Cada
día me piden amistad en Facebook decenas de personas, algunos días hasta cincuenta o sesenta.
Empezó hace cosa de un mes o dos. De repente, un día tenía diez peticiones de
amistad. Al día siguiente otras diez. Al tercer día otras diez, o ya quince. Y
así hasta hoy. No ha parado, sino que cada vez son más. No me explico a qué se
debe porque, como digo, fue algo repentino y que no parecía ser una
consecuencia directa de algún acto mío, como por ejemplo, haber quedado
finalista en el Premio Planeta (no me presenté, así que eso no podía ser).

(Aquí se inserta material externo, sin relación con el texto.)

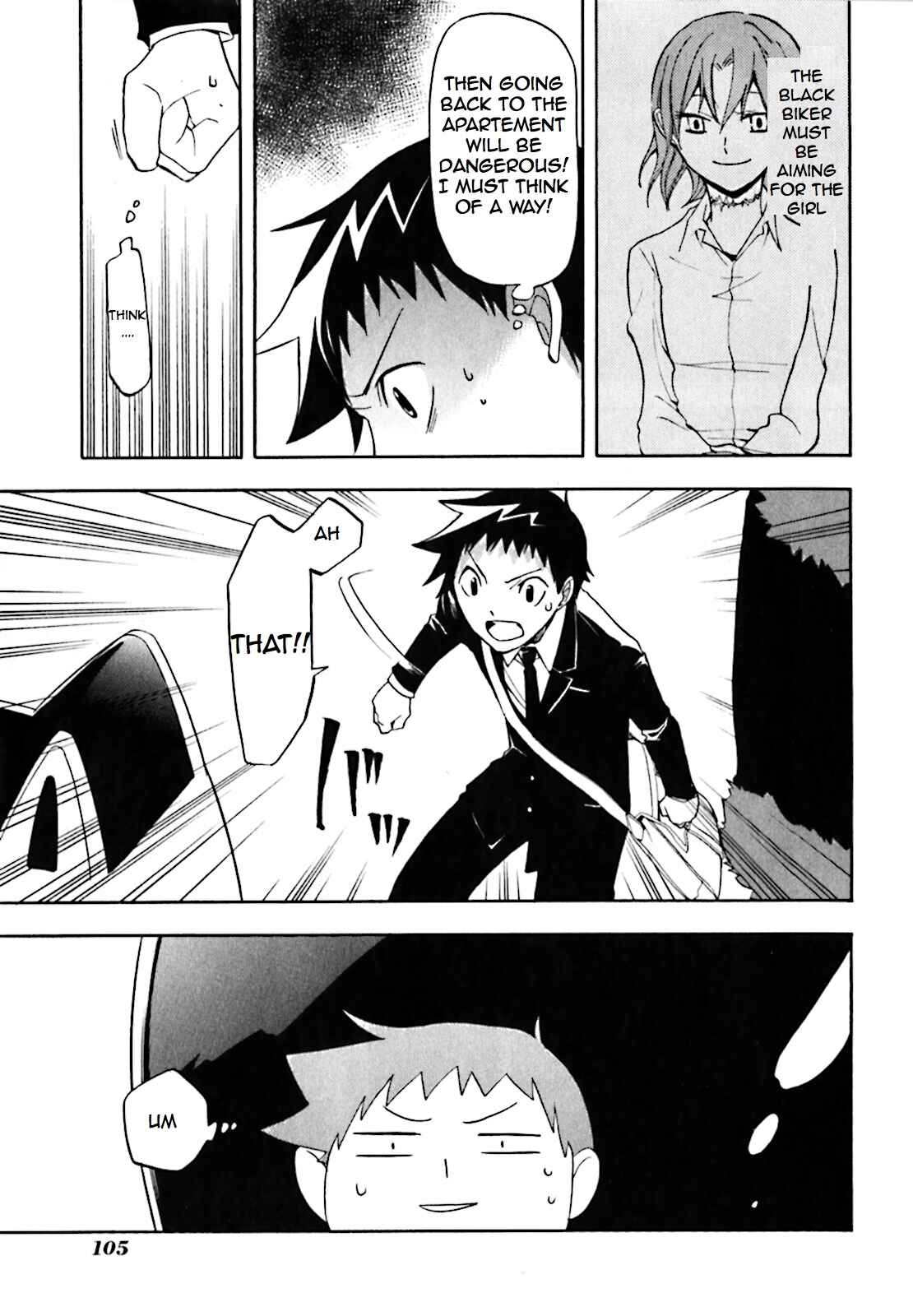 Page 3 Chapter 16 Durarara!!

Enseguida me pregunté si son lectores los que desean ser mis «amigos», y así lo
esperé, claro, porque yo uso las redes sociales sobre todo para darme a conocer
como escritora. Comprobé que algunos sí llegaban a mí por esta razón. En uno de
los mensajes que más ilusión me ha hecho hasta el momento y que no encuentro, perdido
en el océano de misivas que recibo a diario y no tengo tiempo de responder, un
lector me decía que había encontrado mi libro Amanecer en el Sudeste Asiático en un banco de la plaza Cataluña de
Barcelona, lo había empezado a leer, y al final se lo había llevado a casa.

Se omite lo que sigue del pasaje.